■ **Record excerpts**:
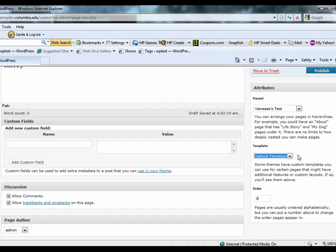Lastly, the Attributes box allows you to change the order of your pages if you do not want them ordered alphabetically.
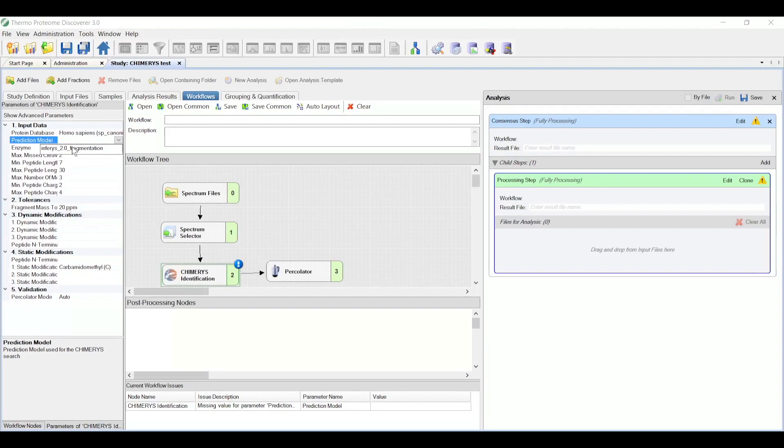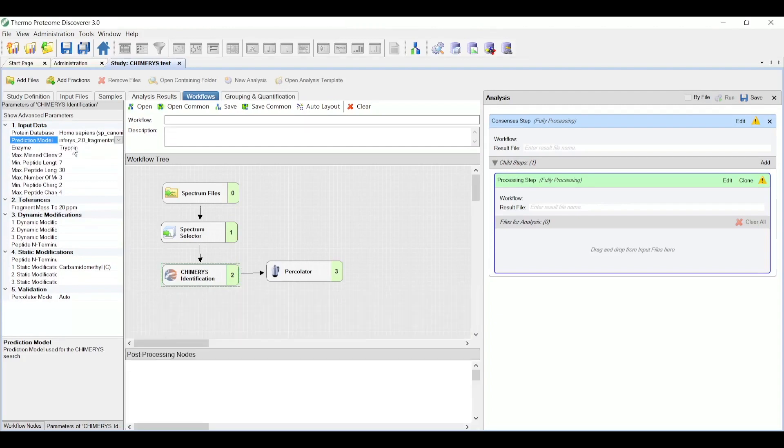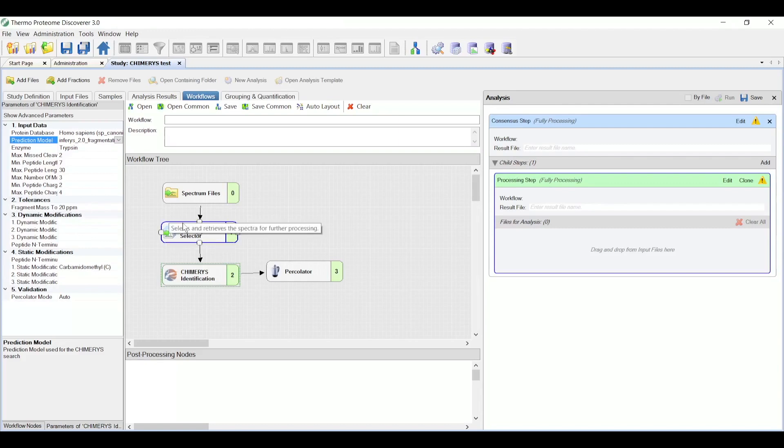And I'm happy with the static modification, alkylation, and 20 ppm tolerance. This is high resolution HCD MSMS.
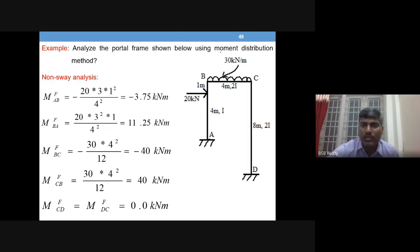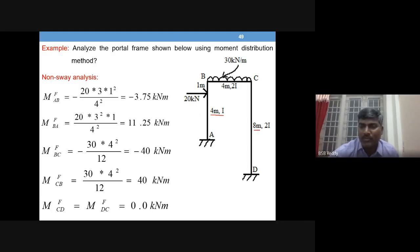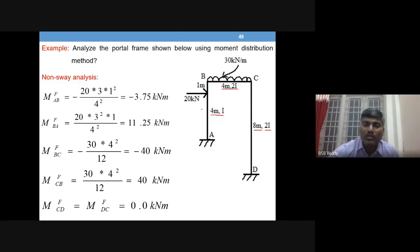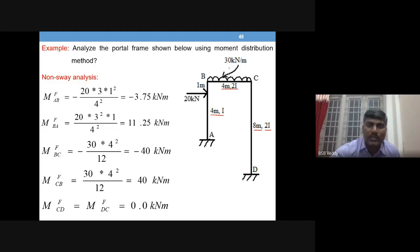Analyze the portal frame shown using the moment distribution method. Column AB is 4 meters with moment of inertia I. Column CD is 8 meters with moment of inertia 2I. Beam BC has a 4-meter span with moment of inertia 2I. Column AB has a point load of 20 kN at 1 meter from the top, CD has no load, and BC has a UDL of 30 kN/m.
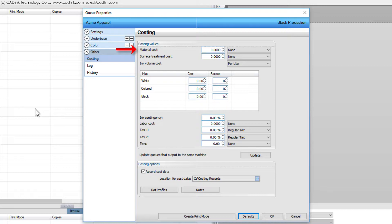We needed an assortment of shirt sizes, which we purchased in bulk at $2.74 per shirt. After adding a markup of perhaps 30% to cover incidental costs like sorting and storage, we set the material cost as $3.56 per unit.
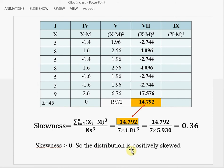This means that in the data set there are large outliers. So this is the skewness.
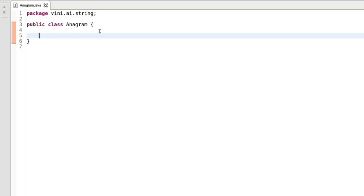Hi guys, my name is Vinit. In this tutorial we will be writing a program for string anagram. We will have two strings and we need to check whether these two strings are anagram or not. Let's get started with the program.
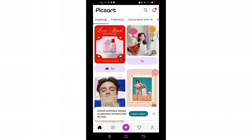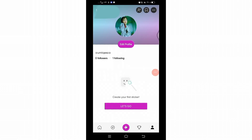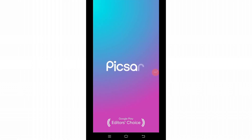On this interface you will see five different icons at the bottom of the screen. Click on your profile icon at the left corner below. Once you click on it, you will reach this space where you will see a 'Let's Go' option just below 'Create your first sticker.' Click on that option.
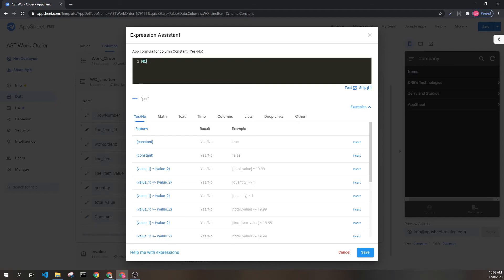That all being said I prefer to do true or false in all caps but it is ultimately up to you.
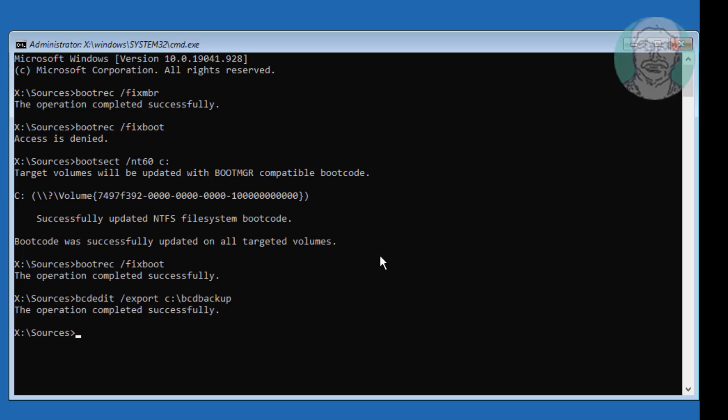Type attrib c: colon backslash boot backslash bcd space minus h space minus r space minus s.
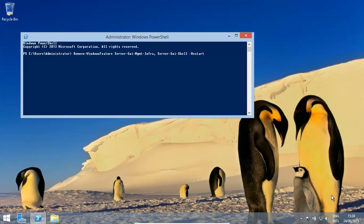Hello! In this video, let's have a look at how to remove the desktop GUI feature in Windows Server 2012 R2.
==
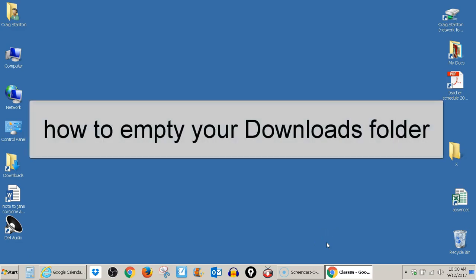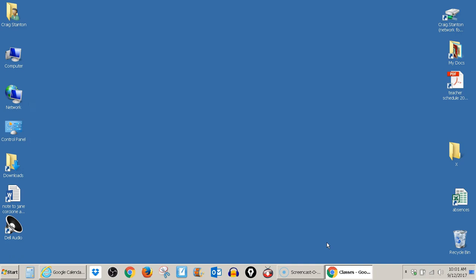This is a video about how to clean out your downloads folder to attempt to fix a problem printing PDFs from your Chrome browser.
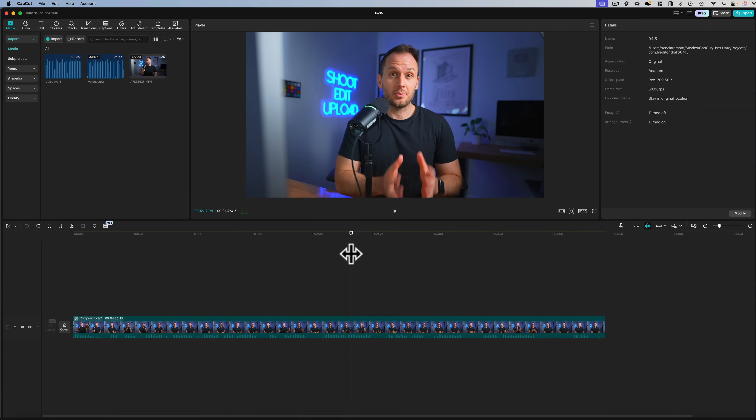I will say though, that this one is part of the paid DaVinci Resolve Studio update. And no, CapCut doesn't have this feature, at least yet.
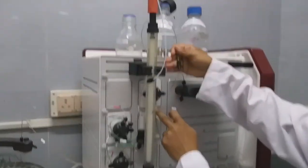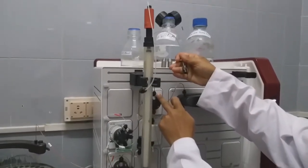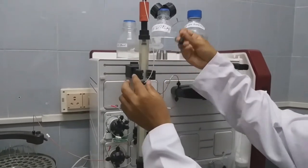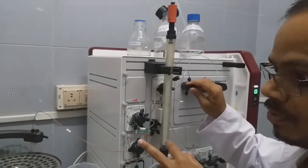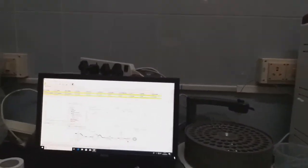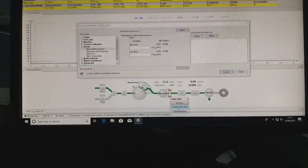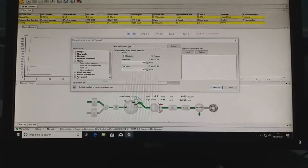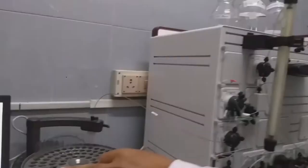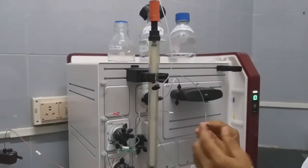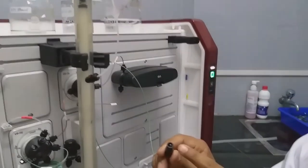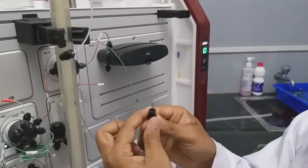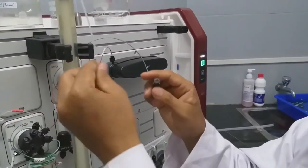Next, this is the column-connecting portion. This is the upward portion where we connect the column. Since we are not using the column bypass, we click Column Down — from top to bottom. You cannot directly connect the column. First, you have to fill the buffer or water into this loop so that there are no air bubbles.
--
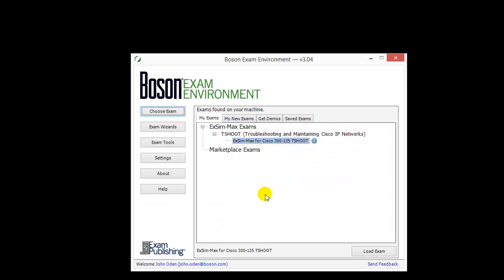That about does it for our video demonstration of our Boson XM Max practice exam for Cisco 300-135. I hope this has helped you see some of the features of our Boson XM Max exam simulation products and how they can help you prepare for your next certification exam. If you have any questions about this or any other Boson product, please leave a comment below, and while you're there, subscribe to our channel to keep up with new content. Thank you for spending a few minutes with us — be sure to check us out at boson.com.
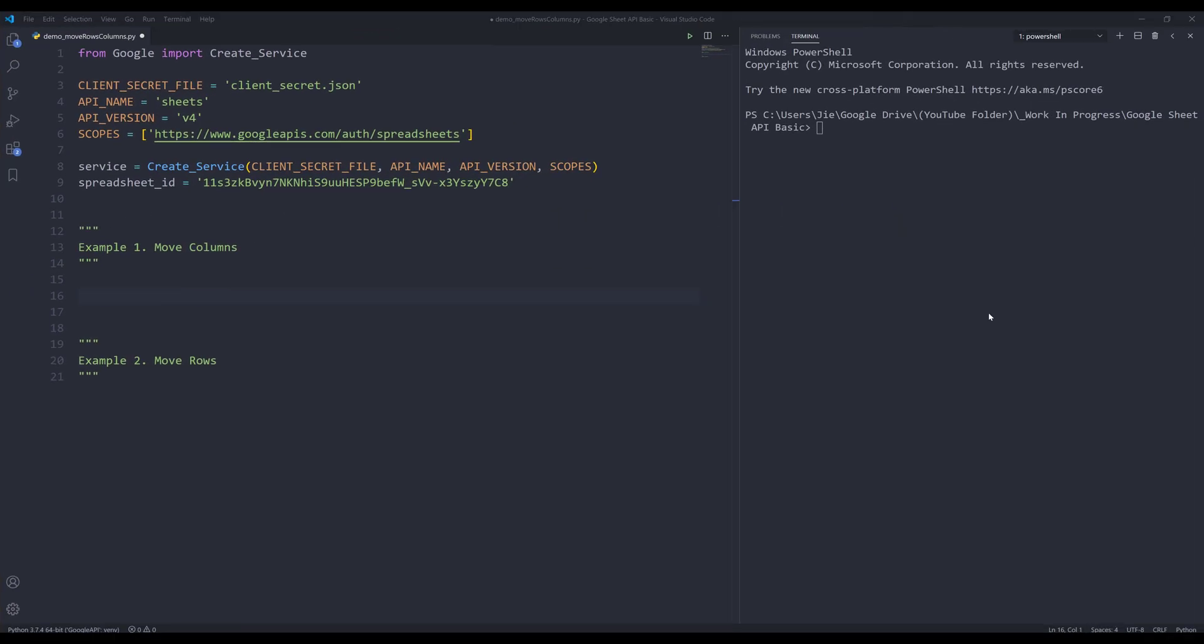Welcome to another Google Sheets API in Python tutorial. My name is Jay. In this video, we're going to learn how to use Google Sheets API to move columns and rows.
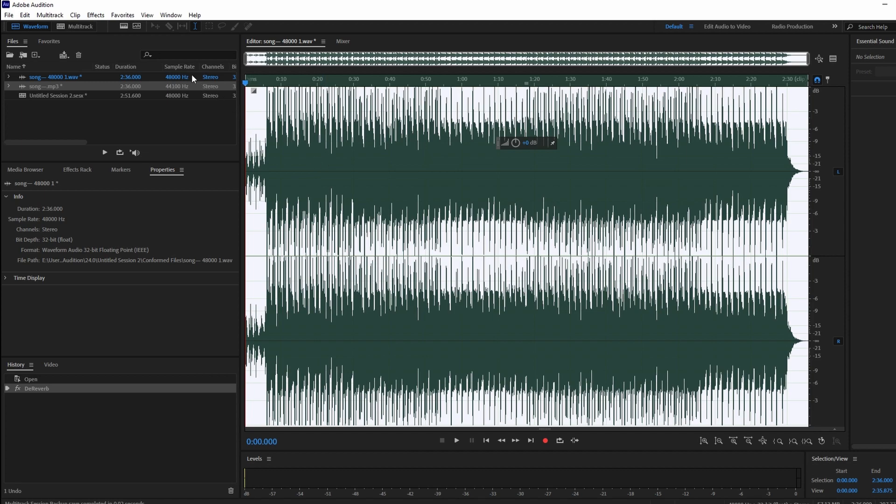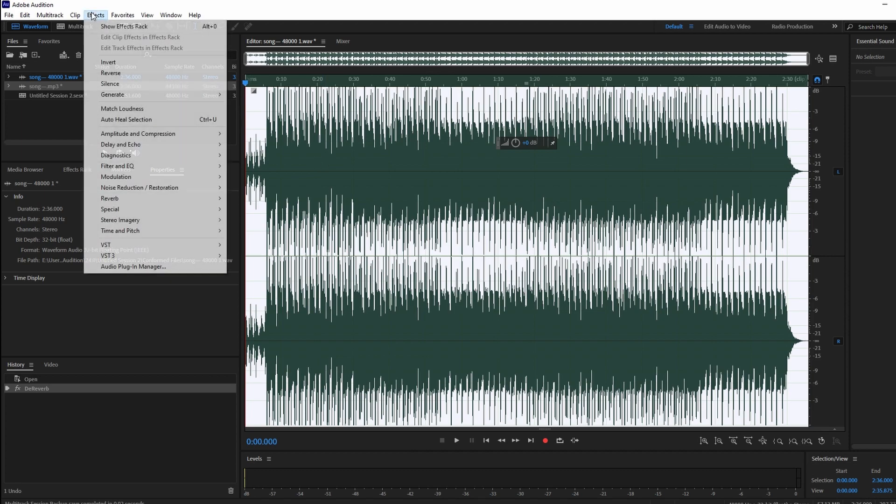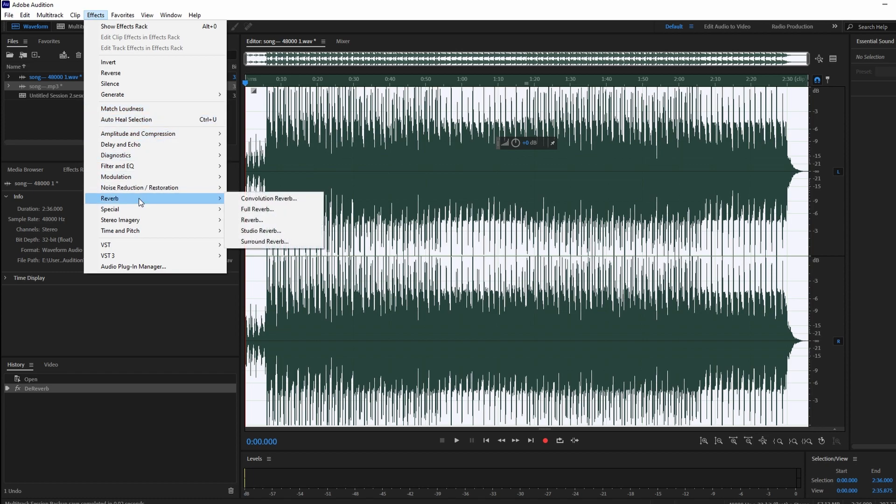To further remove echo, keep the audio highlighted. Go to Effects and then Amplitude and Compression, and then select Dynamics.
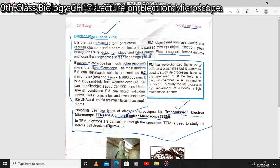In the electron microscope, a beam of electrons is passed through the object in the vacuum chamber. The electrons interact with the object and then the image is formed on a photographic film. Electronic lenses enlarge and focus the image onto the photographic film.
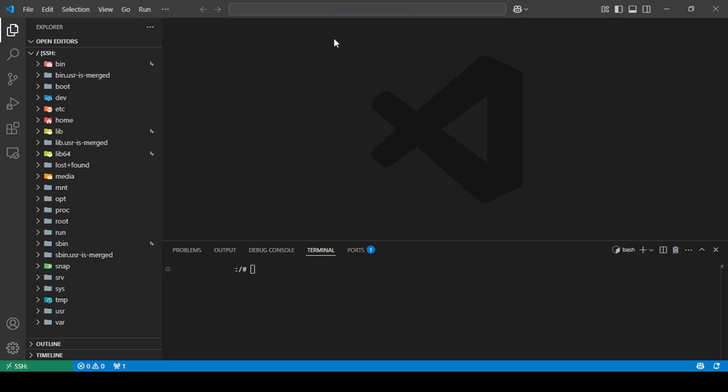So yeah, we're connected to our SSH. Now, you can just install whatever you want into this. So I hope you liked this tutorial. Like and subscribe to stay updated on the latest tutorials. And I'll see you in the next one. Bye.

■ **Required action**: Give back, exactly and without pictures, the stretch of the records above from the line containing "Lastly, the Attributes" through the line containing "Hello! In this", with both end lines included.

■ **Solution to the problem**:
Lastly, the Attributes box allows you to change the order of your pages if you do not want them ordered alphabetically.
And I'm happy with the static modification, alkylation, and 20 ppm tolerance. This is high resolution HCD MSMS.
Analyze the portal frame shown using the moment distribution method. Column AB is 4 meters with moment of inertia I. Column CD is 8 meters with moment of inertia 2I. Beam BC has a 4-meter span with moment of inertia 2I. Column AB has a point load of 20 kN at 1 meter from the top, CD has no load, and BC has a UDL of 30 kN/m.
We needed an assortment of shirt sizes, which we purchased in bulk at $2.74 per shirt. After adding a markup of perhaps 30% to cover incidental costs like sorting and storage, we set the material cost as $3.56 per unit.
This means that in the data set there are large outliers. So this is the skewness.
Hi guys, my name is Vinit. In this tutorial we will be writing a program for string anagram. We will have two strings and we need to check whether these two strings are anagram or not. Let's get started with the program.
On this interface you will see five different icons at the bottom of the screen. Click on your profile icon at the left corner below. Once you click on it, you will reach this space where you will see a 'Let's Go' option just below 'Create your first sticker.' Click on that option.
That all being said I prefer to do true or false in all caps but it is ultimately up to you.
Type attrib c: colon backslash boot backslash bcd space minus h space minus r space minus s.
Hello! In this video, let's have a look at how to remove the desktop GUI feature in Windows Server 2012 R2.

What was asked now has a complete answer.